Replying here many months late but I think this is the same thing that happened to my Mom's computer. She past away a year ago and now only my Dad uses it (mostly for e-mail). He noticed the monitor wouldn't bring up the display anymore a few days ago so called me for help about it. I thought the power supply had failed.
Went over to see it and first thing I saw when I opened the side panel was a small aluminum heatsink sitting on the bottom of the case. A wire runs through the middle and acts as a spring which is supposed to be held onto the mainboard by what looks like circuit jumpers with a hoop on top.
One of those was missing, then found after turning the case over and shaking some.
I was a little surprised to find this message here at bleepingcomputer.com when I searched for anything like this ever happening. Must be a manufacturing defect.
I put super glue onto the clip and pushed it back into the "CLIP2" holes where it had fallen out. Not long afterward I had the heatsink back in place, but before I did that I bent the wire spring to make it have less strain on the clips. No thermal paste available so I just slid the heatsink around on the chip surface hoping the old stuff would be good enough (was enough to be sticky).
Anyway... this wasn't the CPU. I don't know what it was. Any printing on it was covered up by the paste. It's almost in the middle of the board between the CPU (which has a large heatsink and fan attached) and the power supply connector.
I had to disconnect the PSU from the board while unplugged from the wall and reconnect it after plugging the power cord into the wall, otherwise not doing so left the condition of the computer the same as before. Once the power was going in and the mainboard connector (actually two, small and large ones) for the power supply was reconnected I got a green solid light from the back of the PSU and all was okay.
Unfortunately, upon moving the computer back to its place on the desk it happened again, blinking green light and no power up from the front button. So apparently if the power ever goes out this will keep happening, but for now the fix (disconnect/reconnect PSU mainboard wires) is good.
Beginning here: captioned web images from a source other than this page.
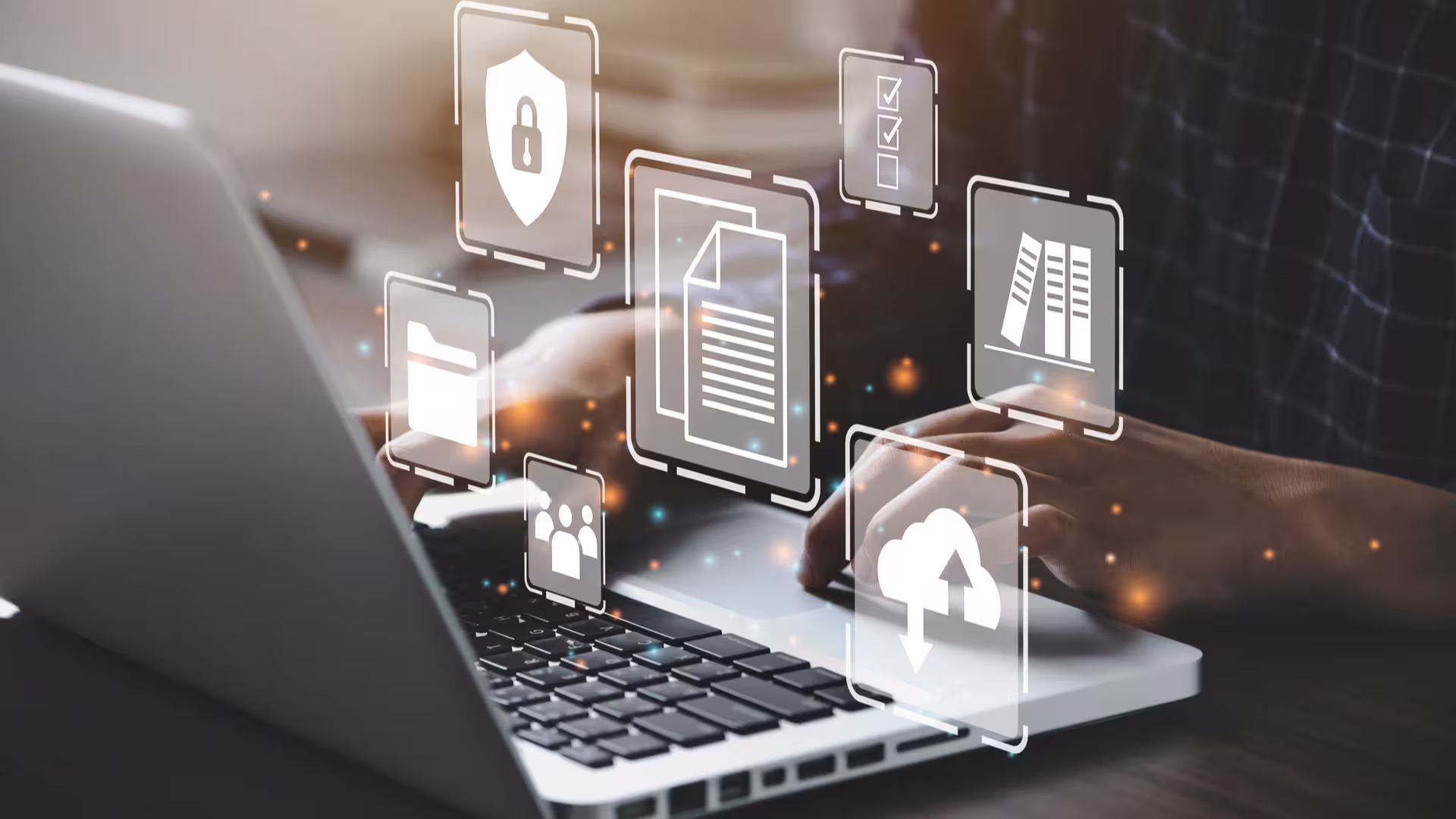 Titolare di una PMI che controlla da un lato un gestionale aperto sul computer e dall'altro un raccoglitore cartaceo pieno di documenti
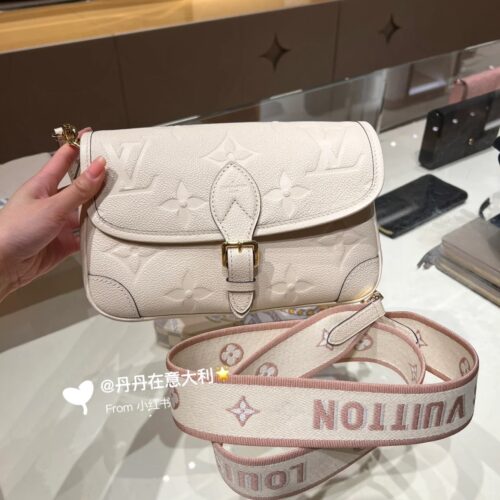 Falling in love with LV full leather magic stick in one second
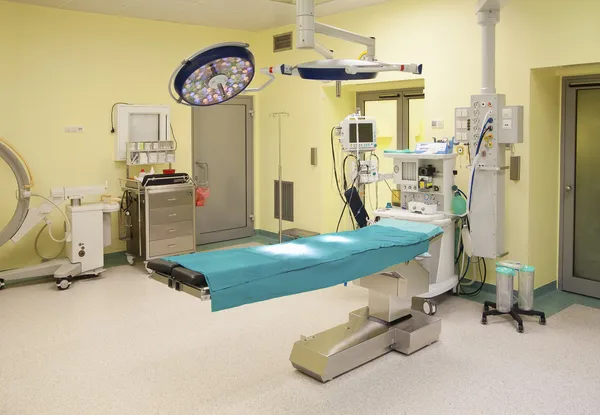 Operační sál ve veřejné nemocnici — Stock fotografie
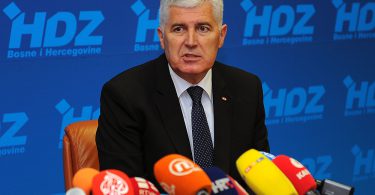 Dragan Čović, predsjedatelj Doma naroda Parlamentarne skupštine BiH, predsjednik HDZ-a BiH i HNS-a BiH,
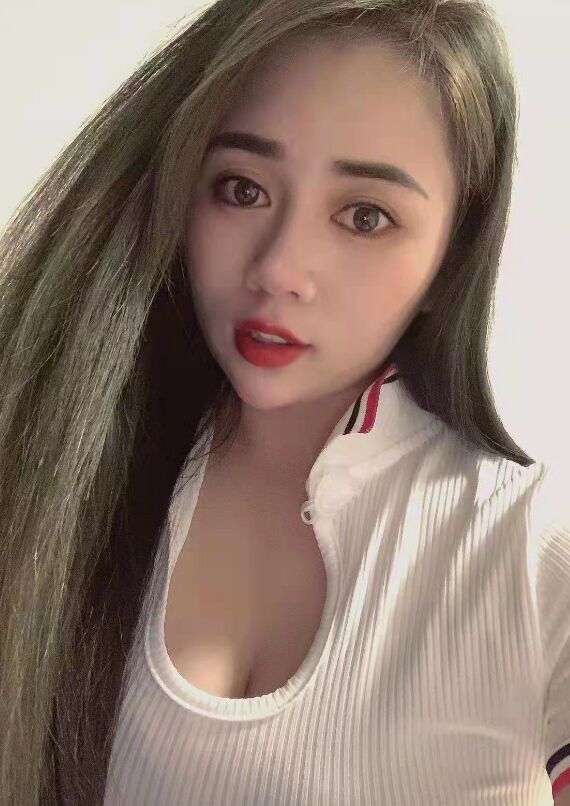 普普通通妹子小雨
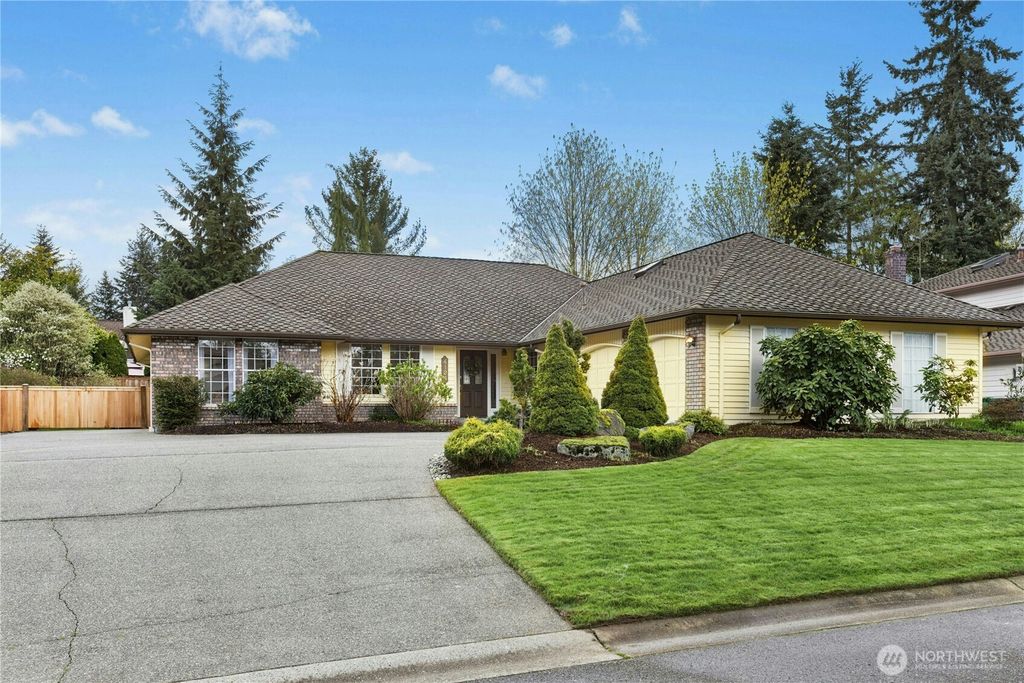 Photo of 4124 125th Place SE, Everett, WA 98208 (MLS # 2510874)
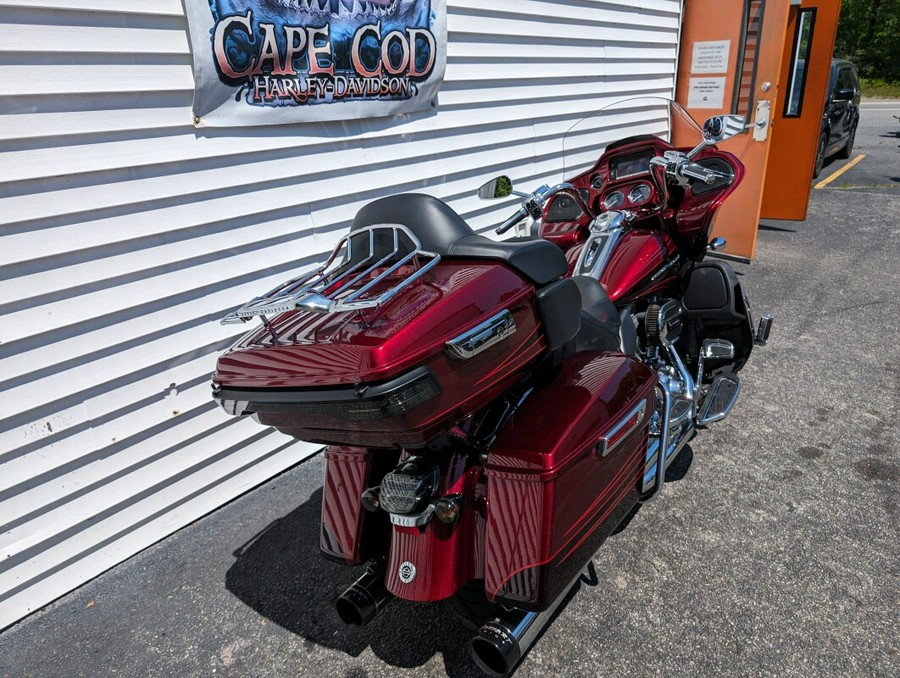 2015 Harley-Davidson CVO Road Glide Ultra Burgundy Blaze and Typ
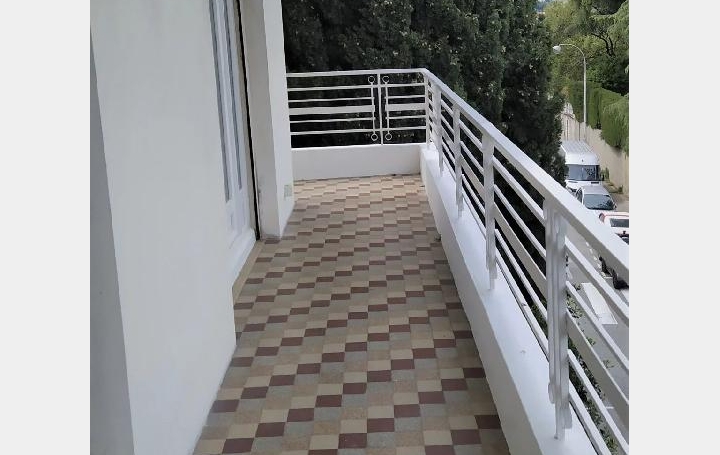 2 Pièces NICE (06000)  61 m2 1 380 € 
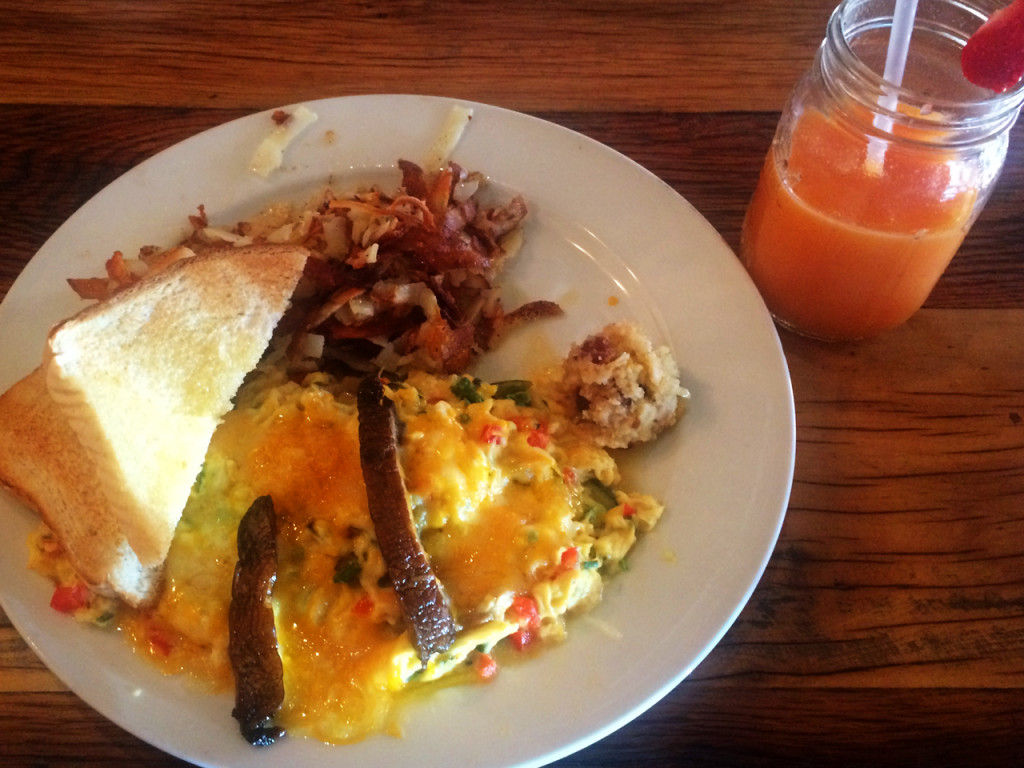 Omelet-Crockett's-Breakfast-camp-ontbijt-Amerika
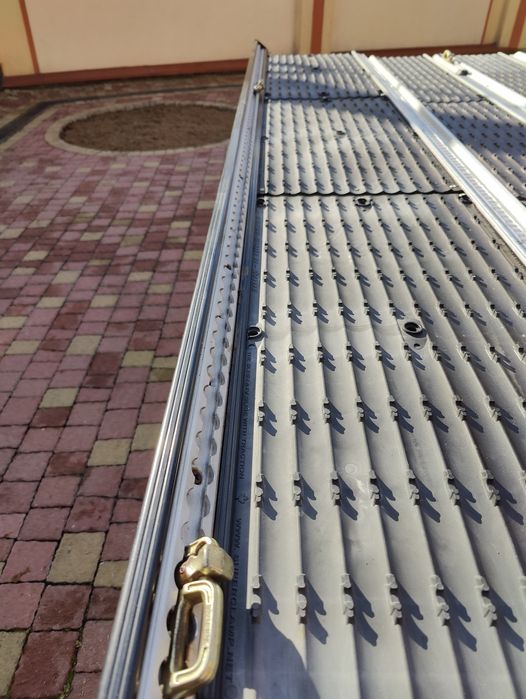 Вантажна платформа з пандусом  Marlon explore pro 2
I should add that this computer was always on, never off, because it bothered my parents to need to wake the computer up. Probably very lucky it is okay after not having a heatsink on one of the chips for however long a time it was. Or maybe it just happened recently and that caused a nearly immediate shutdown(?).
Hope this helps anyone with one of these HP's if something goes wrong.

Might be a good idea to look inside them anyhow... but then who is going to know to do that without reading things like this message thread here??